BAB 1 Budaya Politik di Indonesia
Budaya Politik adalah
orientasi (politik) dari tingkah laku individu dan masyarakat terhadap sistem
politik.
Orientasi individu terhadap
sistem politik dapat dilihat dari tiga komponen, yaitu: orientasi kognitif, orientasi
afektif, dan orientasi evaluatif.
Dalam realitas kehidupan, ketiga
aspek tersebut merupakan satu kesatuan.
Aspek budaya politik lainnya
adalah cara pandang atau sikap sesama warga negara. Sikap ini berkaitan
dengan “rasa percaya” (trust) dan “permusuhan” (hostility).

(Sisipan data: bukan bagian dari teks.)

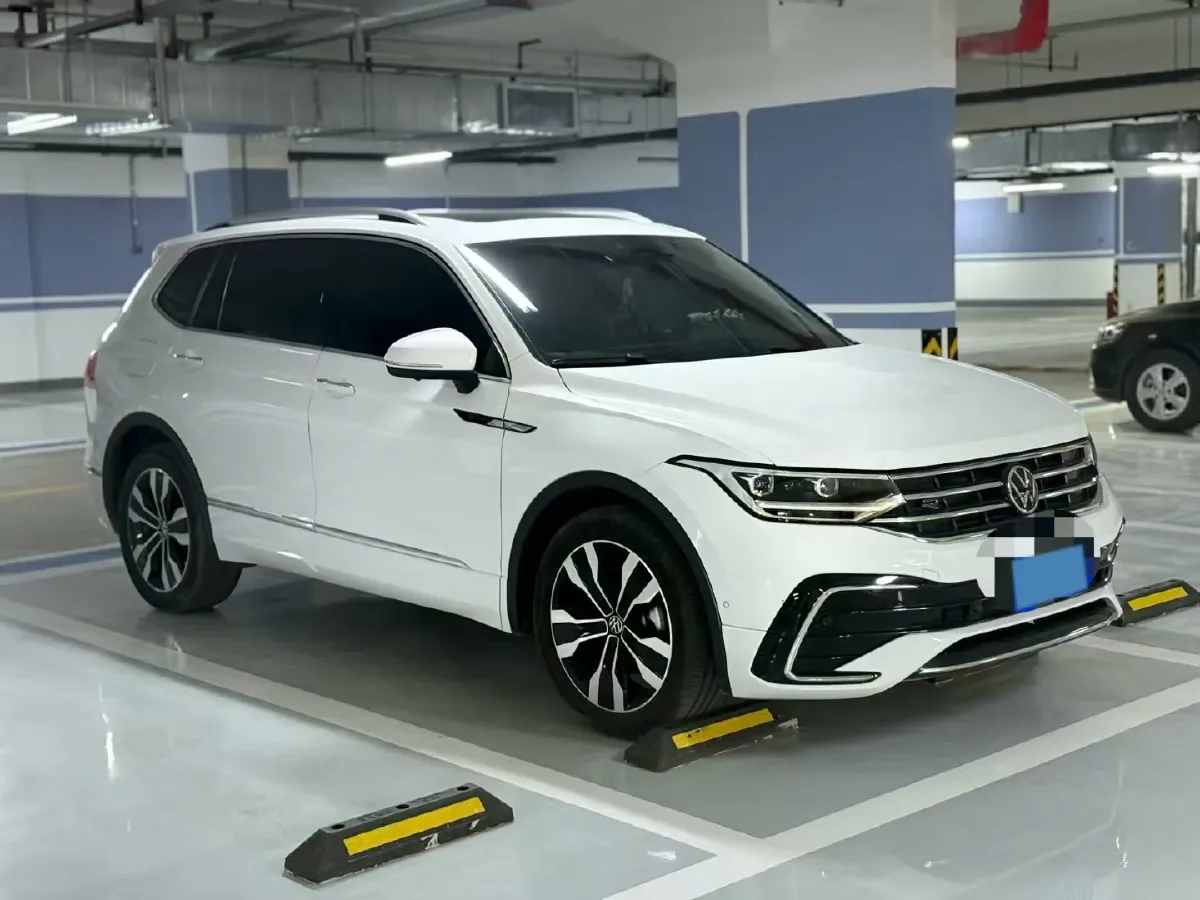2023 Volkswagen Tiguan L 2.0T 186HP L4 7DCT,autocango,china used car exporter,china ev exporter,chinese used car exporter,chinese used ev exporter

Adanya sikap saling percaya (trust)
menumbuhkan kerja sama. Sedangkan permusuhan (hostility) akan
melahirkan konflik.
3 Tipe Budaya Politik
(Gabriel A. Almond & Sidney
Verba):
(1) Parokial
– orang2 yang sama sekali tidak menyadari (mengabaikan) adanya pemerintahan dan
politik.
(2) Subjek
– orang2 yang secara pasif patuh pada pejabat2 pemerintahan dan UU, tetapi
tidak melibatkan diri dalam politik ataupun memberikan suara dalam pemilihan.
(3) Partisipan
– orang2 yang melibatkan diri dalam kegiatan politik, paling tidak dalam
pemberian suara dan memperoleh informasi yang cukup tentang kehidupan politik.

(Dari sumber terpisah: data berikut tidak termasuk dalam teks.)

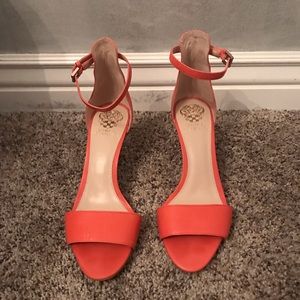 super cute coral heels!!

Budaya politik Indonesia menunjuk
pada Bhineka Tunggal Ika. Esensinya adalah menjunjung tinggi pluralisme,
yaitu: adanya penghormatan, toleransi, dan tenggang rasa terhadap perbedaan.
3
Ciri budaya politik Indonesia yang dominan (Afan Gaffar), yaitu: hirarki
yang ketat, kecenderungan patronage, dan kecenderungan neo-patrimonialistik.

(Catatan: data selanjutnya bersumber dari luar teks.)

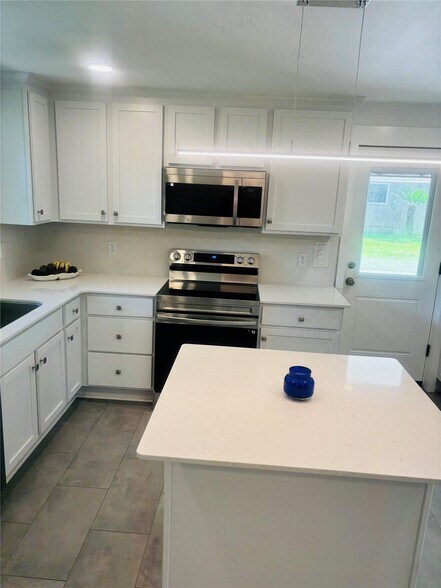 Building Photo - 2826 Amelia Rd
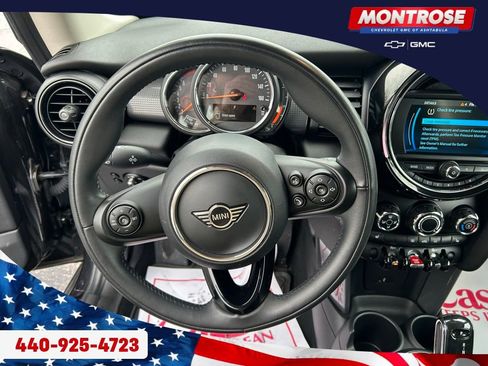 Used 2020 MINI Cooper 2-Door Hardtop FWD image 14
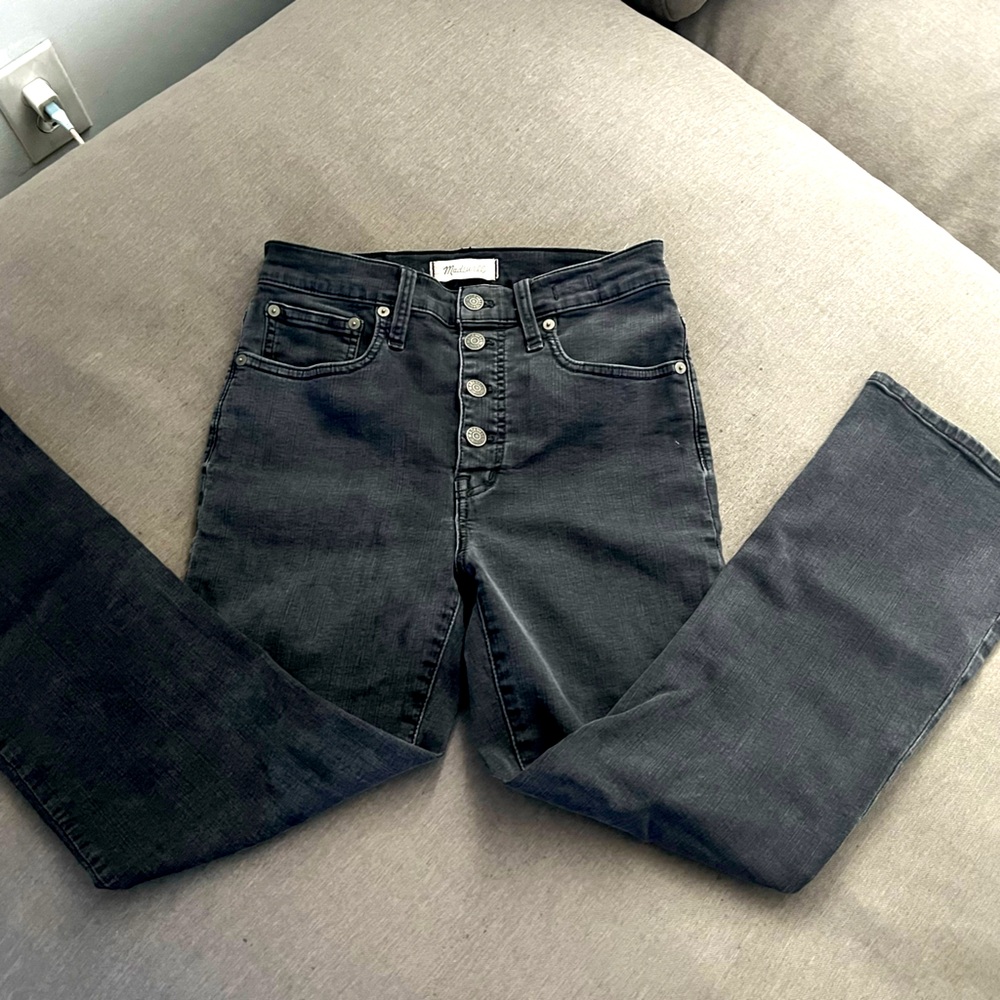Madewell cropped bootleg black jeans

Sosialisasi Politik adalah
suatu proses untuk memasyarakatkan nilai-nilai atau budaya politik ke dalam
suatu masyarakat.
Dari segi metode penyampaian
pesan, sosialisasi politik dibagi dua, yaitu: pendidikan politik dan
indoktrinasi politik.
3 Peranan Sosialisasi Politik,
dalam mengembangkan budaya politik:
(1) Membentuk
dan mentransmisikan kebudayaan politik suatu bangsa.
(2) Memelihara
kebudayaan politik suatu bangsa, dari generasi (tua) ke generasi (muda).
(3) Mengubah
kebudayaan politik suatu bangsa.
Ada 6
sarana/agen sosialisasi politik, yaitu: keluarga, sekolah, kelompok bergaul
atau bermain (komunitas), tempat kerja, media massa, dan kontak langsung
(seperti bertemu tokoh politik).
Budaya Politik Partisipatif
Budaya Politik Partisipatif disebut
sebagai budaya politik unggul karena didasarkan pada kedaulatan rakyat (rakyat
berdaulat atas dirinya sendiri).
Disebut juga sebagai budaya
politik demokratis, yaitu suatu kumpulan sistem keyakinan, sikap, norma,
persepsi, dan sejenisnya, yang menopang terwujudnya partisipasi.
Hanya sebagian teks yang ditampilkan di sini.